(b)(i) Draw the structural formulae of three alcohols with the molecular formula C5H12O. Label your structures E, F and G. 
(ii) Label the chiral carbons on E to G with an asterisk on each carbon. 
(iii) E, F and G are treated with an excess of acidified potassium dichromate(VI). E has no reaction with the reagent while F and G gave different products. Suggest simple chemical tests to identify the functional group on each of the products of F and G. Write chemical equations of all the reactions. 
(iv) F is treated with PCl3 then with NaCN. After that, it is treated with LiAlH4 to give H. Draw the structural formula of H. 
1(a) A is C6H5CH2CH3.
B is (CH3)C6H4(CH3). The two methyl groups on the phenyl ring can be in any positions.
When A and B are treated with KMnO4, A becomes C6H5COOH. B becomes HOOCC6H4COOH. B reacts with thionyl chloride to form C, which is ClOCC6H4COCl. C then reacts with methanol to form a diester, D, CH3OOCC6H4COOCH3.
(b) E is a tertiary alcohol, CH3CH2COH(CH3)2
F could be a primary alcohol, CH3CH2CH2CH2CH2OH
G could be a secondary alcohol, CH3CHOHCH2CH2CH3
(iii) E has no reaction with K2Cr2O7 because tertiary alcohols cannot be oxidised.
F is oxidised to a carboxylic acid, CH3CH2CH2CH2COOH. I can add sodium carbonate to the acid and carbon dioxide that is liberated gives a white precipitate with calcium hydroxide.

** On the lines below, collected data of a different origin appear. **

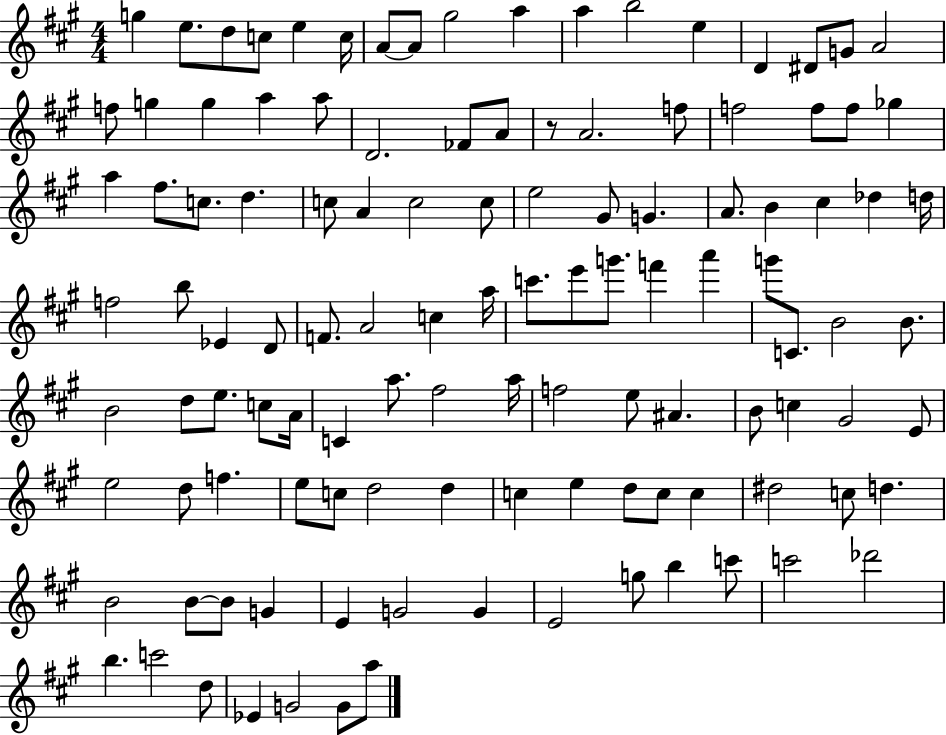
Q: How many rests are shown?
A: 1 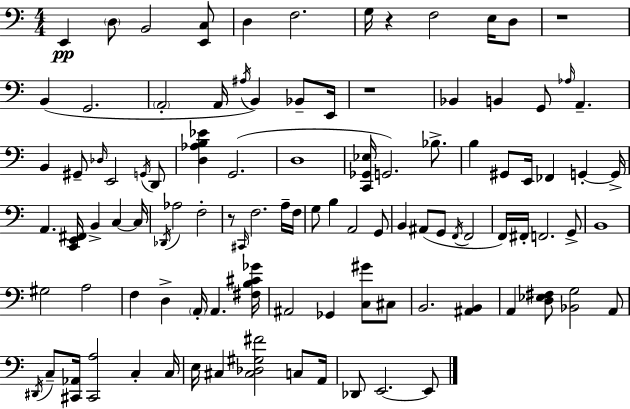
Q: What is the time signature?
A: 4/4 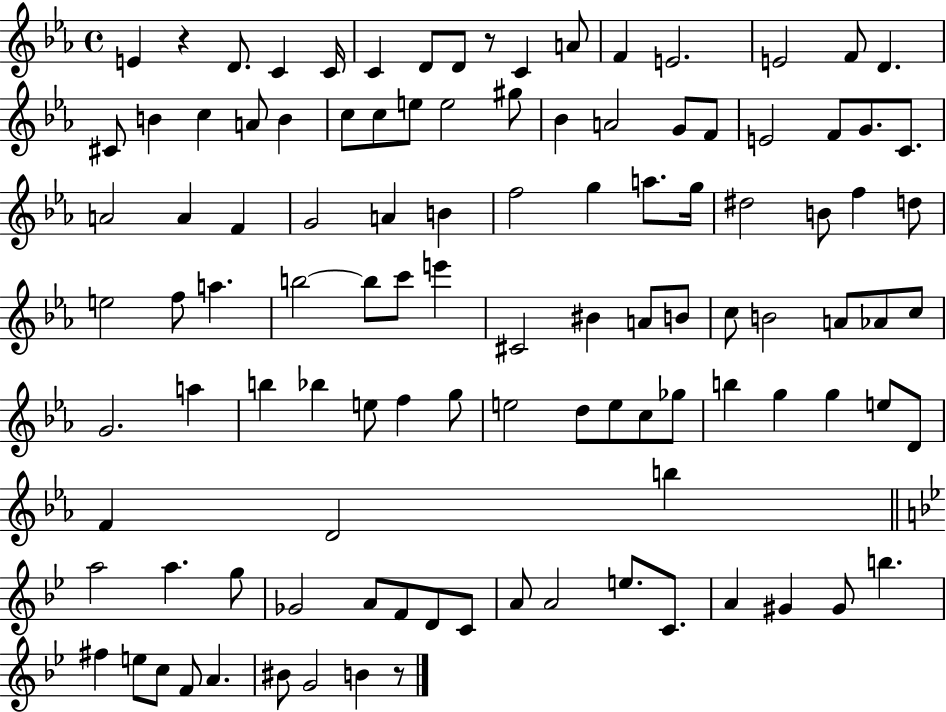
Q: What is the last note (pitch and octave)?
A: B4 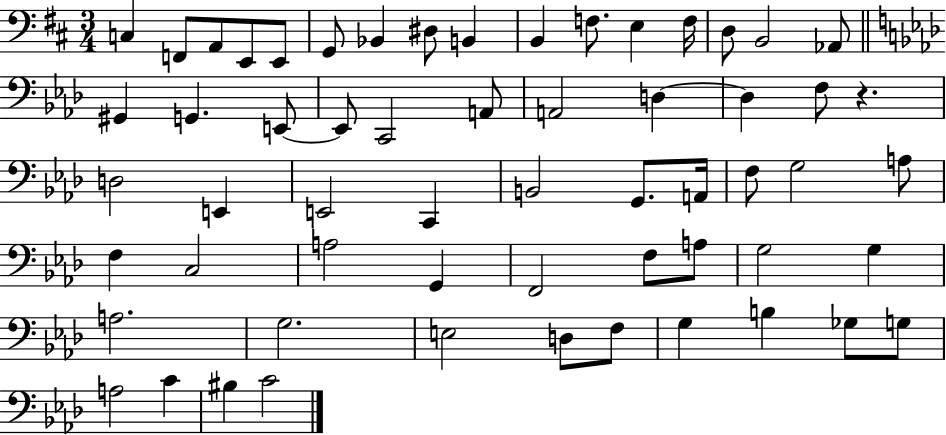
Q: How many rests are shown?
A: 1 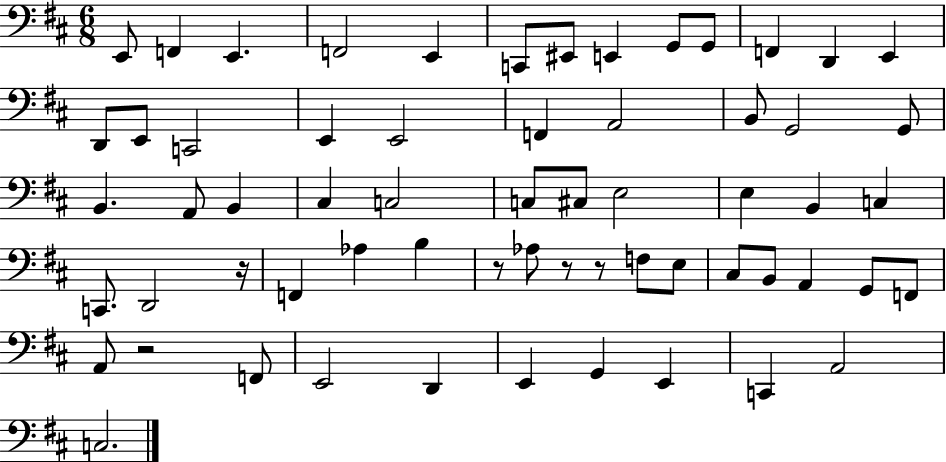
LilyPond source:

{
  \clef bass
  \numericTimeSignature
  \time 6/8
  \key d \major
  e,8 f,4 e,4. | f,2 e,4 | c,8 eis,8 e,4 g,8 g,8 | f,4 d,4 e,4 | \break d,8 e,8 c,2 | e,4 e,2 | f,4 a,2 | b,8 g,2 g,8 | \break b,4. a,8 b,4 | cis4 c2 | c8 cis8 e2 | e4 b,4 c4 | \break c,8. d,2 r16 | f,4 aes4 b4 | r8 aes8 r8 r8 f8 e8 | cis8 b,8 a,4 g,8 f,8 | \break a,8 r2 f,8 | e,2 d,4 | e,4 g,4 e,4 | c,4 a,2 | \break c2. | \bar "|."
} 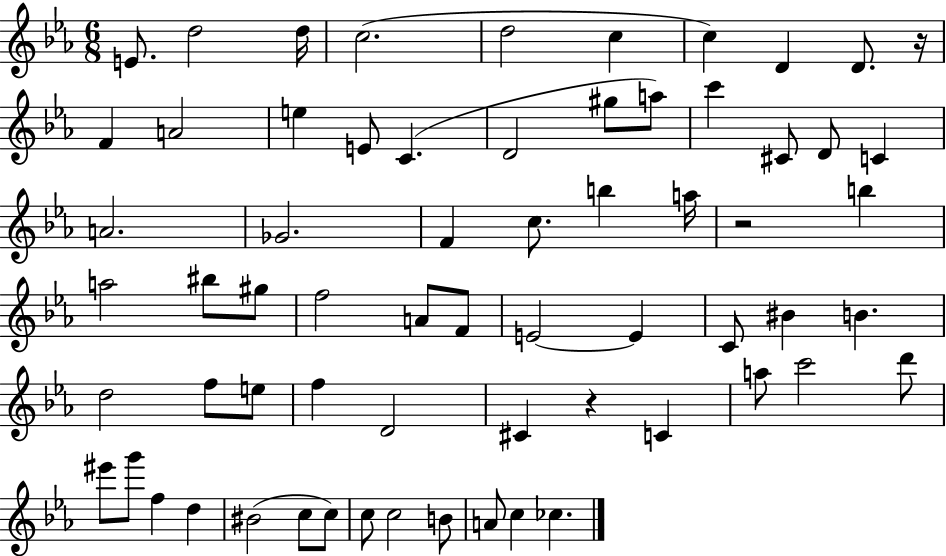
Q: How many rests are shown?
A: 3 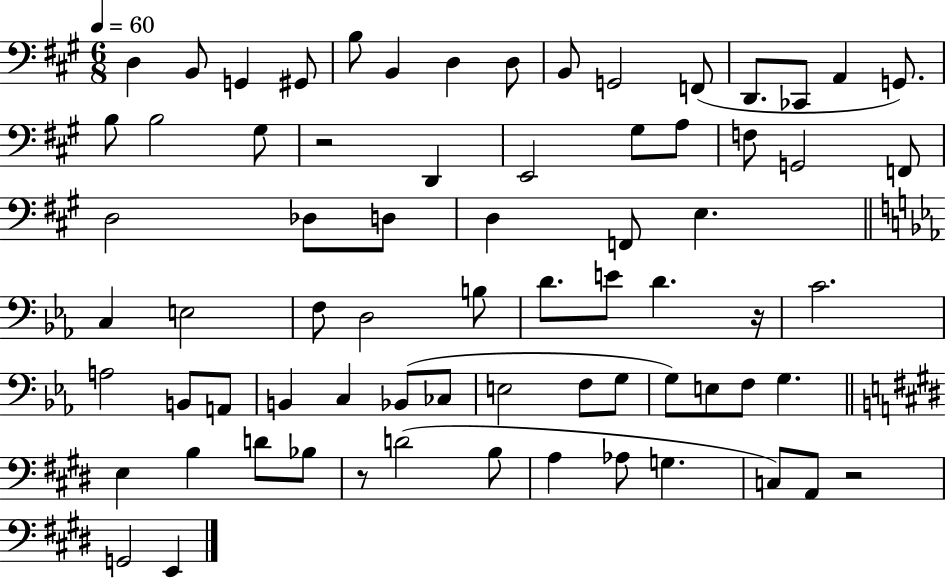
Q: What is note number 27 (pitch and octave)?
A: Db3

G is oxidised to a ketone, CH3COCH2CH2CH3. The ketone gives an orange precipitate with 2,4-DNPH.
(iv) F reacts with PCl3 to form CH3CH2CH2CH2CH2Cl. It then reacts with NaCN to form CH3CH2CH2CH2CH2CN. Then it reacts with LiAlH4, a reducing agent, to form an amine, H, which is CH3CH2CH2CH2CH2CH2NH2.